What you have to do: Look in the material below for the line with "Detail view of" and the line with "Mailbox in Dust", then set down exactly those two lines and all lines between, nothing more.

Provided records:

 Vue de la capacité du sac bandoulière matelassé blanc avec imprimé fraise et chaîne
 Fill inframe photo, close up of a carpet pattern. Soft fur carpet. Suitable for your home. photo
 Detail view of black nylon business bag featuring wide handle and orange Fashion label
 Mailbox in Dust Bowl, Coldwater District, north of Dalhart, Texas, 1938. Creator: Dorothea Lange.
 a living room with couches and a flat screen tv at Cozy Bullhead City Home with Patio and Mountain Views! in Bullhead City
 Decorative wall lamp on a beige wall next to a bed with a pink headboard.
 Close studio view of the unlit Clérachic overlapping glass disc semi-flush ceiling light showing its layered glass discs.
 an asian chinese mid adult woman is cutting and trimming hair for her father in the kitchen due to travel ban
* * *
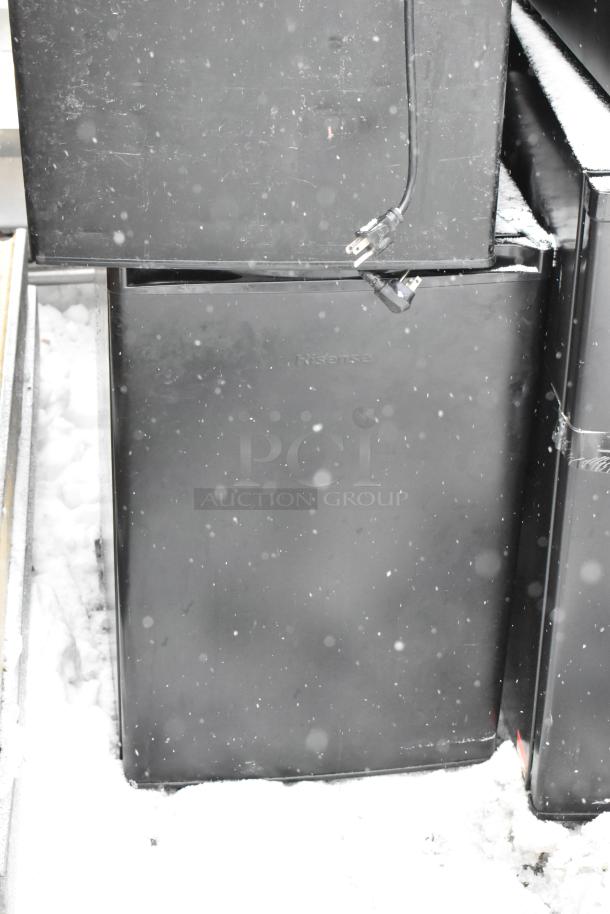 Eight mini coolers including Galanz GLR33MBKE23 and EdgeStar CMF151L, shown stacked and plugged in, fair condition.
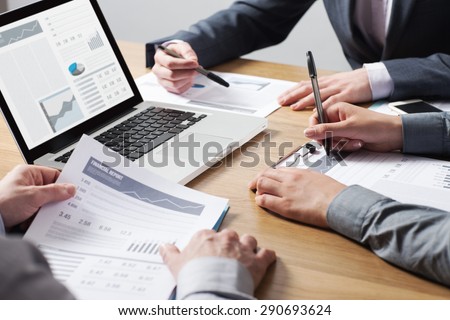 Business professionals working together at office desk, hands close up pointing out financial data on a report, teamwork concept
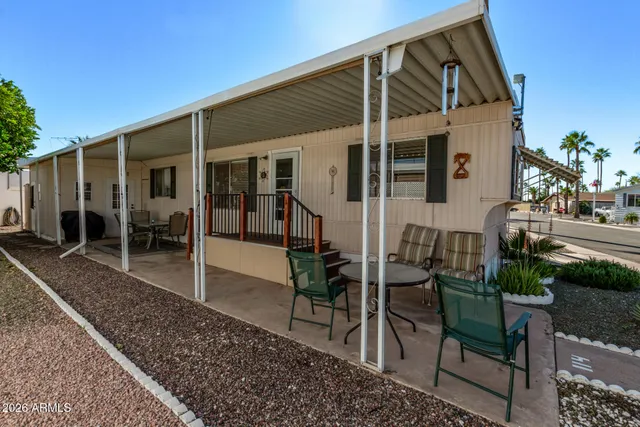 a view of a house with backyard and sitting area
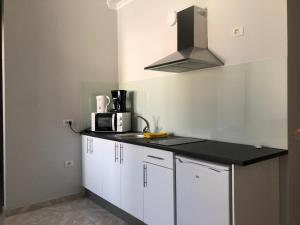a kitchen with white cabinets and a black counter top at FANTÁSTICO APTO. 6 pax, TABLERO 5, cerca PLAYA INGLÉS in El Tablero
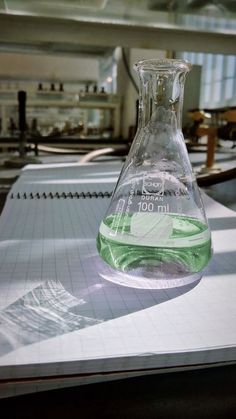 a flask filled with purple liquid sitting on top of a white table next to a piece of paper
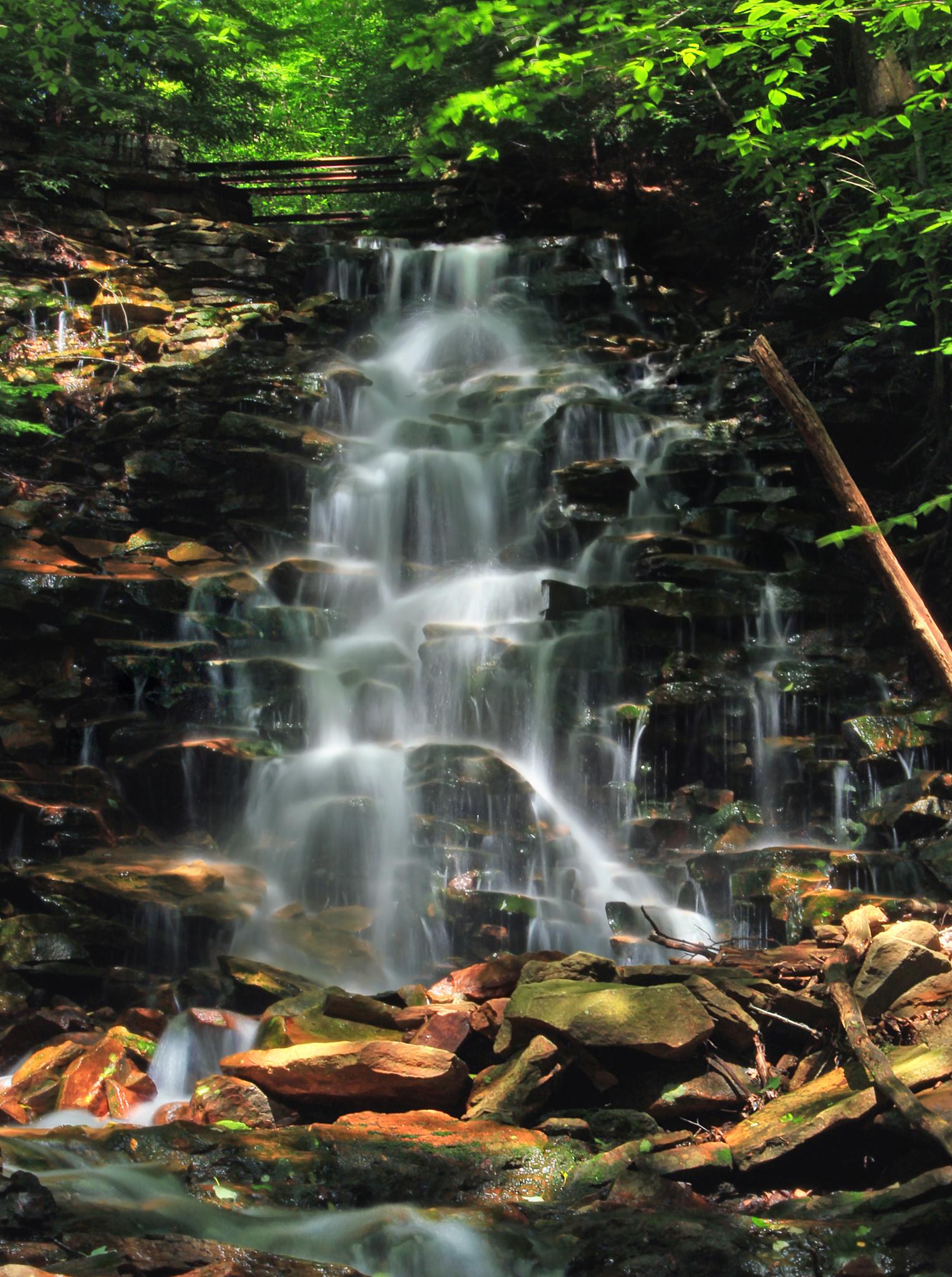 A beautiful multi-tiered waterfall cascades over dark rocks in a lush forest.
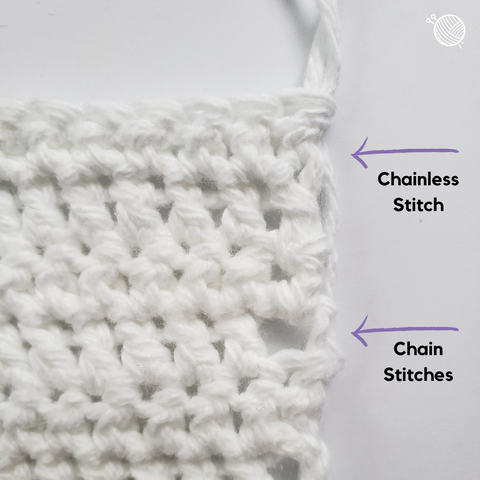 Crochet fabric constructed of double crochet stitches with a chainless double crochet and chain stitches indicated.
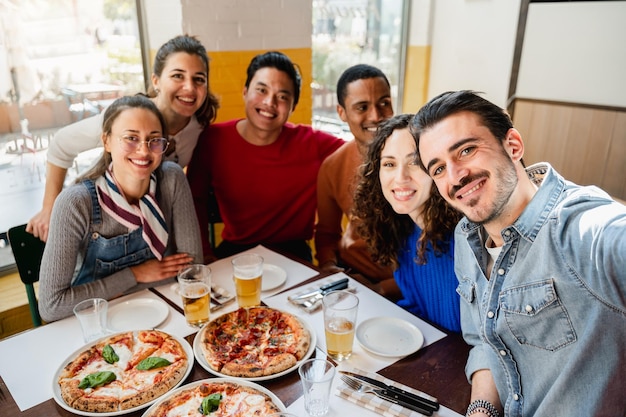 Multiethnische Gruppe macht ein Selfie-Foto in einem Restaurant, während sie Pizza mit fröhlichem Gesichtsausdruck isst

Completed task:
 Detail view of black nylon business bag featuring wide handle and orange Fashion label
 Mailbox in Dust Bowl, Coldwater District, north of Dalhart, Texas, 1938. Creator: Dorothea Lange.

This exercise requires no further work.